I also upvoted the answers of Evgeniy and sp00m for helping me to learn a lesson in regexes.
Thanks for your efforts.
Upvotes: 7
Views: 3247
Reputation: 1580
It might make sense here to use separate checks for the different requirements, especially since requirement lists tend to grow over time.
Your requirements as described are:
A name must not start with 3 identical letters ignoring their case
and
A name starts with an upper case letter followed by lower case letters.

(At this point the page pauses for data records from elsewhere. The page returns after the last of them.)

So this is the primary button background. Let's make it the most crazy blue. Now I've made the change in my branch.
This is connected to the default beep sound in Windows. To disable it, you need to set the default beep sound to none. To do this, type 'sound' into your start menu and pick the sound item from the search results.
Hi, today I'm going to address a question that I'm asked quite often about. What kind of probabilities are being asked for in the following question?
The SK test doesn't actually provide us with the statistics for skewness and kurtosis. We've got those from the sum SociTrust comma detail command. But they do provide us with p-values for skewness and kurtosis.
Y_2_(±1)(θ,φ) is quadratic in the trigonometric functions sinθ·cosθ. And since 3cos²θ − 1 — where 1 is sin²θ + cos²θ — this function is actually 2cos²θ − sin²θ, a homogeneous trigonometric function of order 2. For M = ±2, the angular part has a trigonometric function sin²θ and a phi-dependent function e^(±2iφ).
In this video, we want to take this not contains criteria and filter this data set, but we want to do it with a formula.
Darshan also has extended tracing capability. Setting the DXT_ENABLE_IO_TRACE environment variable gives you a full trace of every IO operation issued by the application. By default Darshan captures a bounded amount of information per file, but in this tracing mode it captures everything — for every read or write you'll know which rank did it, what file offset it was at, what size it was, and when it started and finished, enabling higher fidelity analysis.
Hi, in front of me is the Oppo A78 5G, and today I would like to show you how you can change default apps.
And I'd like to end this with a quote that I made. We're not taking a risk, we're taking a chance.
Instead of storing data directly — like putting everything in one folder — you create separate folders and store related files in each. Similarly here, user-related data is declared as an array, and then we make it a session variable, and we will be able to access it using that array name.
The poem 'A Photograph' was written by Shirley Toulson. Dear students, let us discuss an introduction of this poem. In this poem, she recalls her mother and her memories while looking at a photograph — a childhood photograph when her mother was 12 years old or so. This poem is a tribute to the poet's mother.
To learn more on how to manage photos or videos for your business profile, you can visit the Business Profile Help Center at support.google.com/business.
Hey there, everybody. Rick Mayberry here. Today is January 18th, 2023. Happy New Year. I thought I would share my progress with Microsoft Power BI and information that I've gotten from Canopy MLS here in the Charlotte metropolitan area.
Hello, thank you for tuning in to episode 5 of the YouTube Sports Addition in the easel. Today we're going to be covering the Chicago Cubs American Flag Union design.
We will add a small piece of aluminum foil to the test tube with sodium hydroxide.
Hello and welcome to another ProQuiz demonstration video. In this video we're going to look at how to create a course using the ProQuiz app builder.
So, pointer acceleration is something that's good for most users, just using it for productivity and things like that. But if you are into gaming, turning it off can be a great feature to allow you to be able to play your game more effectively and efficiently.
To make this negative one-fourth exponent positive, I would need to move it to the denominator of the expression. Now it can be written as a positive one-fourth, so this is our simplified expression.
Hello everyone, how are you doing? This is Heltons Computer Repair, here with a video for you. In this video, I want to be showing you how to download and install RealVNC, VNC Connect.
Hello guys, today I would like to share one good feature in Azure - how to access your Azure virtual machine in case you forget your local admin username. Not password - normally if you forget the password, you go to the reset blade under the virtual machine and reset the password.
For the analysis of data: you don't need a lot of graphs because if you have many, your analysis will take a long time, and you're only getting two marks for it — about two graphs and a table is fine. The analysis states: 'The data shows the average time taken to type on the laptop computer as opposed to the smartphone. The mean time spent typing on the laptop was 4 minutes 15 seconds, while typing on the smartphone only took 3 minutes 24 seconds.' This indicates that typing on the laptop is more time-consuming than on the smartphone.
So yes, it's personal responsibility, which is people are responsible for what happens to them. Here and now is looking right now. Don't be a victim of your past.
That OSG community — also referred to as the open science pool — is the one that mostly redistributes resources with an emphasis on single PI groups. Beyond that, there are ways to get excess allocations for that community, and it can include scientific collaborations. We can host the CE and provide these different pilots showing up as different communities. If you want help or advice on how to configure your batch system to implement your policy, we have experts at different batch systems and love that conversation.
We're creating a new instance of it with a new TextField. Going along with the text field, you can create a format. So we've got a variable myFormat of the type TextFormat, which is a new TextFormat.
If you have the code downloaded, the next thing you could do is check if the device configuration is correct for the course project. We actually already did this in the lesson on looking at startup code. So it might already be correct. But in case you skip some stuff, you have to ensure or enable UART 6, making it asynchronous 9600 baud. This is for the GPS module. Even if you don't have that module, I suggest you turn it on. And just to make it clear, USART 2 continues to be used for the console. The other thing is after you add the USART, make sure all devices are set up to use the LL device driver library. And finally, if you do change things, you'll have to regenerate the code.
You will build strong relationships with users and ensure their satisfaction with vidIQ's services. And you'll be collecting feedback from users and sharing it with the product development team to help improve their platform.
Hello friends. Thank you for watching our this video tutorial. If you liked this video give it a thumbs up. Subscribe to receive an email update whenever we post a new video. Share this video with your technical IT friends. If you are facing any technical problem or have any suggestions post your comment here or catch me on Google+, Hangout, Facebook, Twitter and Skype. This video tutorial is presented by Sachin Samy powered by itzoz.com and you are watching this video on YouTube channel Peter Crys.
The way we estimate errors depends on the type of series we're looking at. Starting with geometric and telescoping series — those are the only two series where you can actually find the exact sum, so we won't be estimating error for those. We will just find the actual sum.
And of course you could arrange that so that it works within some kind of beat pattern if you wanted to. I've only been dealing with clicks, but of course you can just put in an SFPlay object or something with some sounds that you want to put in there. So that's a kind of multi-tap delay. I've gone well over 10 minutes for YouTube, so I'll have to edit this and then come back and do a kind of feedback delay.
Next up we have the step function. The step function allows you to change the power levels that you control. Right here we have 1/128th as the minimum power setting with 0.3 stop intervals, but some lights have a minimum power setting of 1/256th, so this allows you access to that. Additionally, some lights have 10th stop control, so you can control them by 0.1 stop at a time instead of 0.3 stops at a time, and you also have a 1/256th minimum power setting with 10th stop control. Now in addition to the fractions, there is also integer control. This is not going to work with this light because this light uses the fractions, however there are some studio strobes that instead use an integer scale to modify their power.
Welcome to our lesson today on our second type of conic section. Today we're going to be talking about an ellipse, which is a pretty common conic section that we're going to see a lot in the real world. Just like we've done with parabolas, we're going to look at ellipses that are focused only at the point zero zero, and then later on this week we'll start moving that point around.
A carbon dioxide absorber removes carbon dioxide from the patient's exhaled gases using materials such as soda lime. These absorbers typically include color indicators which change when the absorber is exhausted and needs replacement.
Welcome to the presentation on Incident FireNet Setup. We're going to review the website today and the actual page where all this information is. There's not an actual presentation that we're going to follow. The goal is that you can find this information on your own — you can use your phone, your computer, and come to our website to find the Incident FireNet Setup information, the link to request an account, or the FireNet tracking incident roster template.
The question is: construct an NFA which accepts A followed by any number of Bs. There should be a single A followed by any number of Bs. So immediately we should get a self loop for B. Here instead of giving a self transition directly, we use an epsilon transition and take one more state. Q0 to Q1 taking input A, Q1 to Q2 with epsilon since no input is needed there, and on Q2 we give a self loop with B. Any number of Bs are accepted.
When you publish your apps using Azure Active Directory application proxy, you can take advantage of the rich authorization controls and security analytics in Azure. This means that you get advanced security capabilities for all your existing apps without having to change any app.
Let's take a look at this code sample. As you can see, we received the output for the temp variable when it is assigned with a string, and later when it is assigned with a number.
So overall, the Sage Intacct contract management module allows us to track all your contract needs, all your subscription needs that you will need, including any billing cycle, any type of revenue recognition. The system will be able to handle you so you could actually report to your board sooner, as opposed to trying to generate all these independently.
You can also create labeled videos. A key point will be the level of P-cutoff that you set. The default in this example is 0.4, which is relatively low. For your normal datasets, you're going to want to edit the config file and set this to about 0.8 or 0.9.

Performing a separate check for each (as described in the other posts) also allows you to give the user proper error messages describing what is actually wrong. And it's certainly more readable.
Upvotes: 0
Reputation: 200148
I admit to rising on the shoulders of giants (the other posters here), but this solution actually works for your use case:
final String[] strings = { "Aba", "ABa", "aba", "aBa", "Aaa", "Aab" };
final Pattern p = Pattern.compile("(\\p{Lu})(?=\\p{Ll}{2})(?i)(?!(\\1){2})");
for (String s : strings) System.out.println(s + ": " + p.matcher(s).find());
Now we have:
Output:
Aba: true ABa: false aba: false aBa: false Aaa: false Aab: true
Upvotes: 3
Reputation: 92976
Evgeniy Dorofeev solution is working (+1), but it can be done simpler, using only a lookahead
(\\p{Lu})(?=\\p{Ll})(?i)\\1
(\\p{Lu})
matches a uppercase character and stores it to \\1
(?=\\p{Ll})
is a positive lookahead assertion ensuring that the next character is a lowercase letter.
(?i)
is an inline modifier, enabling case independent matching.
\\1
matches the uppercase letter from the first part (but now case independent because of the modifier in front).
Test it:
String[] TestInput = { "foobar", "Aal", "TTest" };
Pattern p = Pattern.compile("(\\p{Lu})(?=\\p{Ll})(?i)\\1");
for (String t : TestInput) {
Matcher m = p.matcher(t);
if (m.find()) {
System.out.println(t + " ==> " + true);
} else {
System.out.println(t + " ==> " + false);
}
}
Output:
foobar ==> false
Aal ==> true
TTest ==> false
Upvotes: 2
Reputation: 469
I have a requirement that says a name must not start with 3 identical letters ignoring their case.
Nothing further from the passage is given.